# Data for the task

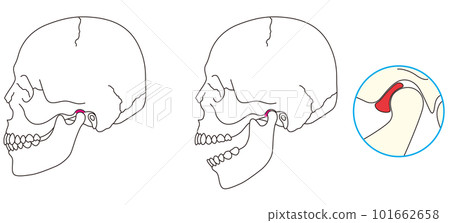 Illustration of temporomandibular disorder Illustration of temporomandibular disorder 101662658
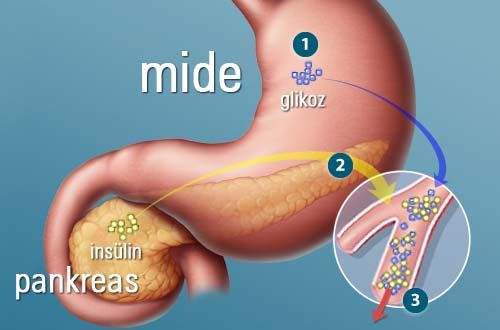 Gastritin Nedenleri Nelerdir?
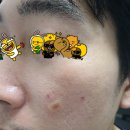 [내돈내산] 이대역 사월의봄 한의원 - 새살침 마지막 회차 후기2(유지침, 지움침)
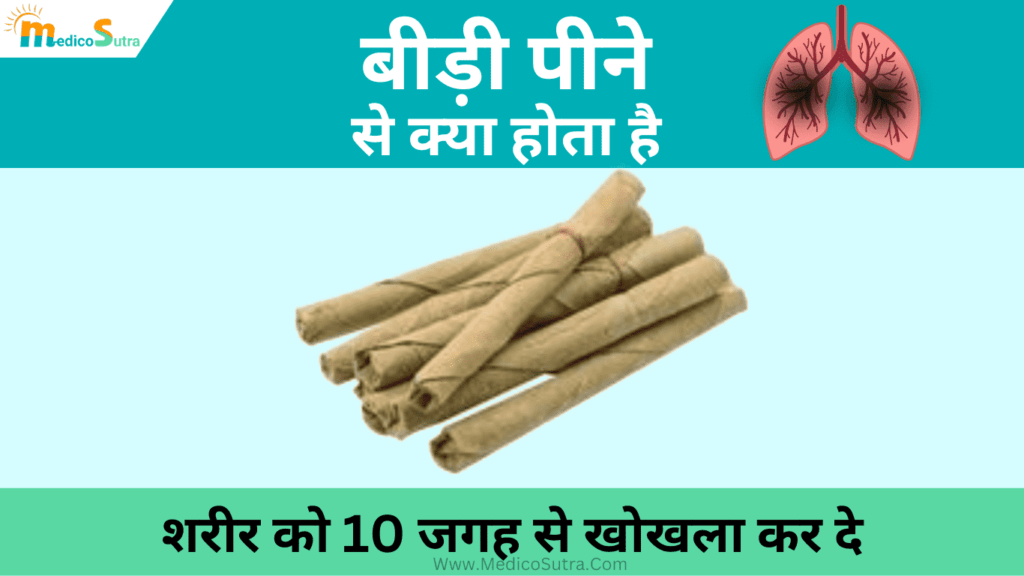 बीड़ी पीने से क्या होता है; जाने शरीर को 10 जगह से खोखला कर देने वाले बीड़ी पीने के नुकसान, Bidi Smoking » MedicoSutra बीड़ी पीने से क्या होता है; बीड़ी पीने के नुकसान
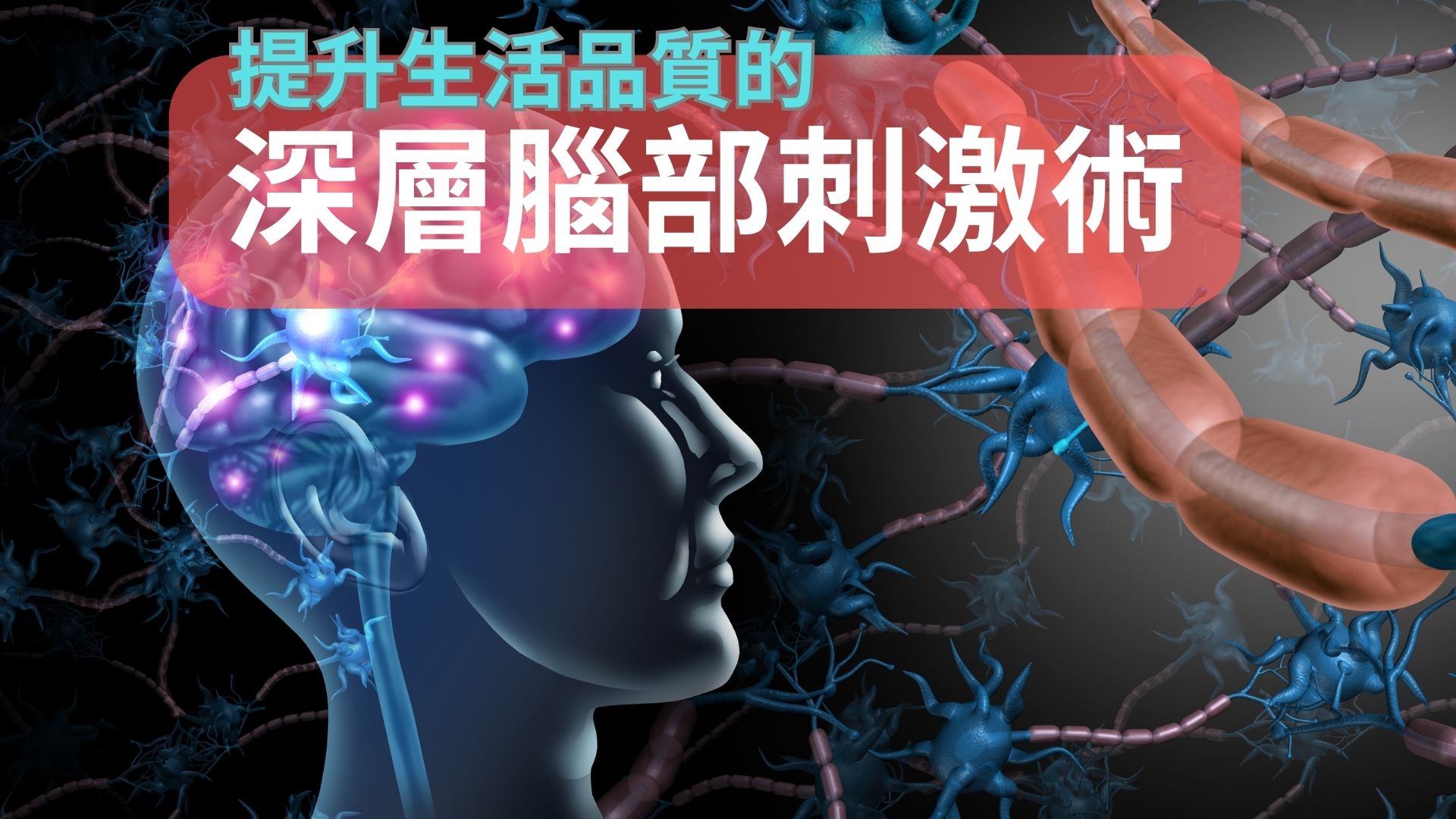 DBS 深層腦部刺激術
可以改善生活品質
帕金森病人的福音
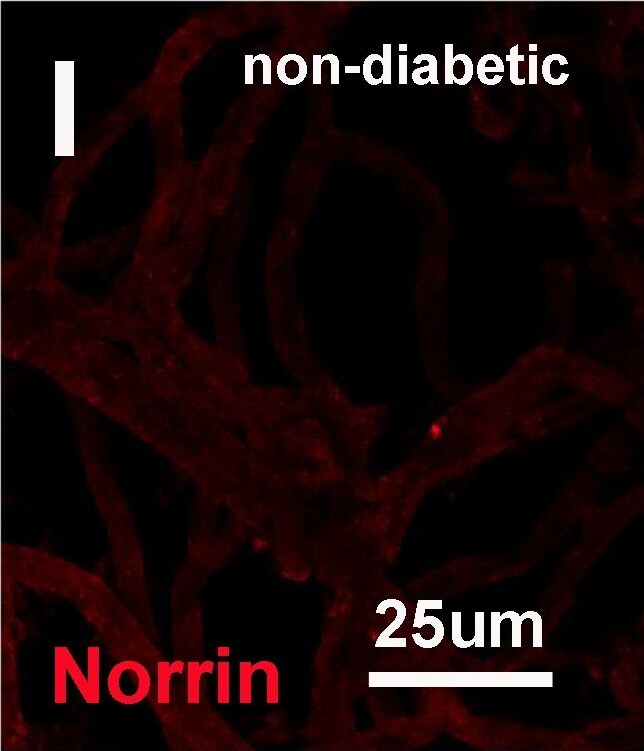 Norrin/NDP Antibody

# Exercise prompt
The expected answer is the whole listing above, copied exactly, with images excluded.

# Written solution
 Illustration of temporomandibular disorder Illustration of temporomandibular disorder 101662658
 Gastritin Nedenleri Nelerdir?
 [내돈내산] 이대역 사월의봄 한의원 - 새살침 마지막 회차 후기2(유지침, 지움침)
 बीड़ी पीने से क्या होता है; जाने शरीर को 10 जगह से खोखला कर देने वाले बीड़ी पीने के नुकसान, Bidi Smoking » MedicoSutra बीड़ी पीने से क्या होता है; बीड़ी पीने के नुकसान
 DBS 深層腦部刺激術
可以改善生活品質
帕金森病人的福音
 Norrin/NDP Antibody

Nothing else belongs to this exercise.